This is the mail archive of the
gcc-patches@gcc.gnu.org
mailing list for the GCC project.
Re: [PATCH][combine] PR rtl-optimization/68381: Only restrict pure simplification in mult-extend subst case, allow other substitutions
- From: Kyrill Tkachov <kyrylo dot tkachov at arm dot com>
- To: Segher Boessenkool <segher at kernel dot crashing dot org>
- Cc: GCC Patches <gcc-patches at gcc dot gnu dot org>
- Date: Thu, 26 Nov 2015 09:50:50 +0000
- Subject: Re: [PATCH][combine] PR rtl-optimization/68381: Only restrict pure simplification in mult-extend subst case, allow other substitutions
- Authentication-results: sourceware.org; auth=none
- References: <564DA3D1 dot 10905 at arm dot com> <20151119105739 dot GA32343 at gate dot crashing dot org> <564DD0ED dot 9010604 at arm dot com> <20151119144102 dot GB32343 at gate dot crashing dot org> <564DE415 dot 1090600 at arm dot com> <564DE8B6 dot 9040902 at arm dot com> <20151124001553 dot GA9049 at gate dot crashing dot org>
On 24/11/15 00:15, Segher Boessenkool wrote:
On Thu, Nov 19, 2015 at 03:20:22PM +0000, Kyrill Tkachov wrote:
Hmmm, so the answer to that is a bit further down the validate_replacement:
path.
It's the code after the big comment:
/* See if this is a PARALLEL of two SETs where one SET's destination is
a register that is unused and this isn't marked as an instruction that
might trap in an EH region. In that case, we just need the other SET.
We prefer this over the PARALLEL.
This can occur when simplifying a divmod insn.

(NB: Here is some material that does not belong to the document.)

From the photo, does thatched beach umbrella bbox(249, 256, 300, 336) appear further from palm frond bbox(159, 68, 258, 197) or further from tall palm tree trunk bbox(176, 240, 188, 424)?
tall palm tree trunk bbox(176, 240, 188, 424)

We *must* test for this
case here because the code below that splits two independent SETs
doesn't
handle this case correctly when it updates the register status.
It's pointless doing this if we originally had two sets, one from
i3, and one from i2. Combining then splitting the parallel results
in the original i2 again plus an invalid insn (which we delete).
The net effect is only to move instructions around, which makes
debug info less accurate. */
The code extracts all the valid sets inside the PARALLEL and calls
recog_for_combine on them
individually, ignoring the clobber.
Before I made this use is_parallel_of_n_reg_sets the code used to test
if it is a parallel of two sets, and no clobbers allowed. So it would
never allow a clobber of zero. But now it does. I'll fix this in
is_parallel_of_n_reg_sets.
Thanks for finding the problem!
Thanks for fixing the wrong-code issue.
As I mentioned on IRC, this patch improves codegen on aarch64 as well.
I've re-checked SPEC2006 and it seems to improve codegen around multiply-extend-accumulate
instructions. For example the sequence:
mov w4, 64
mov x1, 24
smaddl x1, w9, w4, x1 // multiply-sign-extend-accumulate
add x1, x3, x1
becomes something like this:
mov w3, 64
smaddl x1, w9, w3, x0
add x1, x1, 24 // constant 24 propagated into the add
Another was transforming the muliply-extend into something cheaper:
mov x0, 40
mov w22, 32
umaddl x22, w21, w22, x0 // multiply-zero-extend-accumulate
changed becomes:
ubfiz x22, x21, 5, 32 // ASHIFT+extend
add x22, x22, 40
which should be always beneficial.
From what I can see we don't lose any of the multiply-extend-accumulate
opportunities that we gained from the original combine patch.
So can we take this patch in as well?
Thanks,
Kyrill
Segher